Vehement stellt sich Reinke der Meinung entgegen, Muslime neigten eher dazu, Taten wie die von Köln zu tolerieren als Angehörige anderer Religionen: „Ich bin in Hannover geboren und nicht in Marrakesch oder Casablanca. Hier nochmal für alle: Nein, ich kann es trotz meines Migrationshintergrundes und meiner Religion nicht nachvollziehen, wenn Frauen vergewaltigt werden – egal von wem. Die Annahme, dass ich es könnte, ist ein Abgrund menschlicher Dummheit. Die Selbstverständlichkeit, dass man anderen Menschen kein Leid zufügt, ist übrigens universell und auch im Ausland bekannt.“

Besonders stolz sei sie als Deutsche gewesen, als Flüchtlinge in München mit Beifall begrüßt wurden; das sei eine „Feierstunde unserer Verfassung“ gewesen. „Auch das „Wir schaffen das“ der Kanzlerin finde ich gut und richtig“, schreibt sie weiter. Deutschland dürfe von diesem Kurs nicht abweichen, auch die Silvesternacht liefere dafür keine Argumente: „Alles hinzuschmeißen, weil ein Tausendstel der Flüchtlinge kriminell geworden ist, würde unser Wertesystem als Heuchelei entlarven.“ Zugleich müsse man die Straftäter „ihrem rechtmäßigen Schicksal zuführen“ und „konsequent handeln“.
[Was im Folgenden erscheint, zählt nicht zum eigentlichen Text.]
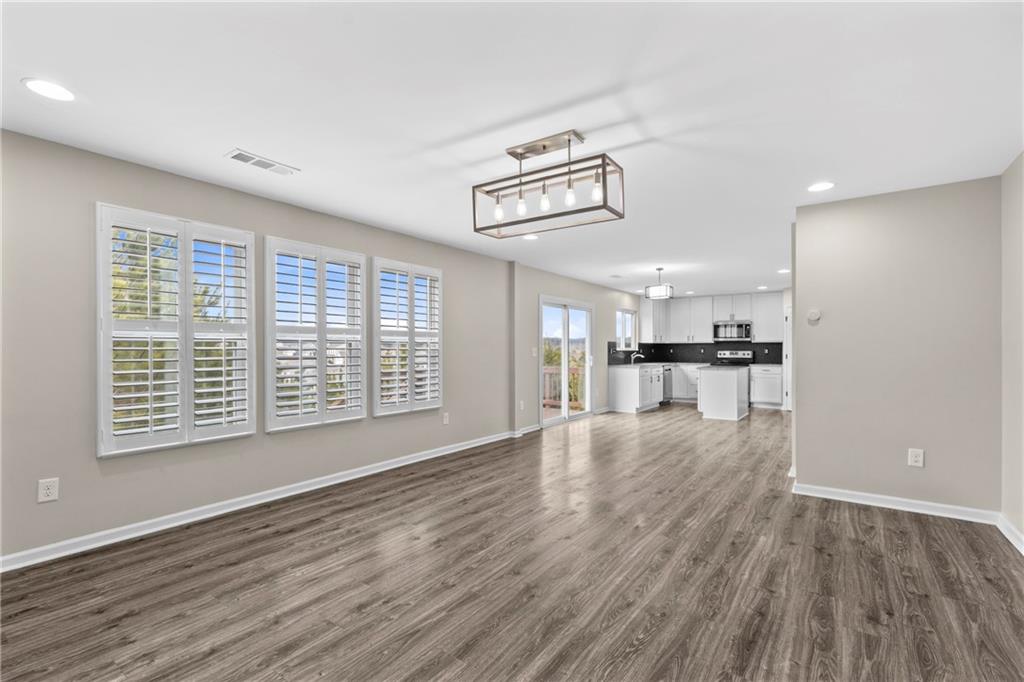 1478 Willow Grove Road Sugar Hill, GA 30518 - Photo 3 of 35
Die Geschichte ihrer eigenen Familie nutzt sie schließlich, um für die Arbeit an der Integration der Flüchtlinge zu sprechen: „Meine Geschwister arbeiten als Tanzlehrer, Restaurantfachfrau und Rechtsanwaltfachangestellte und ich, ich bin deutsche Soldatin. Auch viele Flüchtlinge werden in Deutschland bleiben und Kinder haben. Sorgen wir gemeinsam dafür, dass auch sie eine deutsche Heimat haben, in die sie sich einbringen und auf die sie stolz sein können.“

Seit Donnerstag wurde der Post auf Facebook über 13.000 Mal geliket und über 6000 geteilt (Stand Freitagabend) – obwohl der Seite „Deutscher.Soldat e. V.“ nur 3000 folgen. Geschmacklose Witze auf ihre Kosten in den Sozialen Medien seien der Anlass für das Posting gewesen, sagte Reinke der „Süddeutschen Zeitung“. „Seit immer mehr Flüchtlinge nach Deutschland kommen und das Thema so präsent ist, musste ich einige Freunde aussortieren“, sagt sie in dem Interview. Trotz aller Enttäuschung sei sie aber nach wie vor davon überzeigt, dass Integration gelingen kann: „Es gibt die gut Integrierten. Nehmen sie meine Eltern und mich. Ich bin deutsche Soldatin, mehr Integration geht doch gar nicht. Ich stehe für dieses Land ein.“ (ba)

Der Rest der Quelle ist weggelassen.